US Gov’t Welcomes Petitions from Citizens then Promptly Dismisses Them

(‘If pot is such a threat, why isn’t it dangerous at all?’)

As part of their open government initiative, the Obama administration has been welcoming petitions from the public. If any petition gets enough support, White House staff will review it, ensure it’s sent to the appropriate policy experts, and issue an official response.

Garnering the most votes was a petition to legalize and regulate marijuana in a manner similar to alcohol. This motion echoes the general sentiments of the US people, of whom more than half favor legalizing marijuana.

So what happened next? Did Obama give a speech about how he would be addressing the outdated pot laws? Did the policy makers finally admit defeat in the pointless war on drugs? Well, given how today’s post is so rife with cynicism, you just know neither of those things happened.

Instead, Obama’s Drug Czar put out a perfunctory response reiterating all the same old misleading talking points which have been manufactured and parroted throughout the many decades of drug prohibition.

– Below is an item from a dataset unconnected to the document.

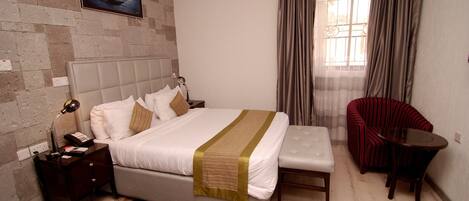 Deluxe dubbelrum - 1 kingsize-säng | Sängtillbehör av högsta kvalitet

Russ Belville from Norml offers an excellent point by point rebuttal of the Czar’s official reply, concluding with the following:

Thank you for wasting America’s time ignoring her wishes.  I encourage you to take a moment to actually read and answer the questions on these petitions.  Every answer you gave to “whether we should consider regulating cannabis like the far more harmful substances, alcohol and tobacco” was an excuse to make alcohol and tobacco prohibited like marijuana.

Every answer you gave to “how will the continued criminalization of cannabis achieve the results in the future that it has never achieved in the past?” illustrated that you’re continuing the same failed strategies as your predecessors.  We the People were hoping for some change.

It is such a shame. Another excellent opportunity for reform squandered by the protectors of the status quo. No wonder people are taking to the streets – their political system is clearly broken.

The global war on drugs should be condemned to a dark note in human history, next to witch hunting and bloodletting. Too bad our governments spearheading the change we are already beginning to create.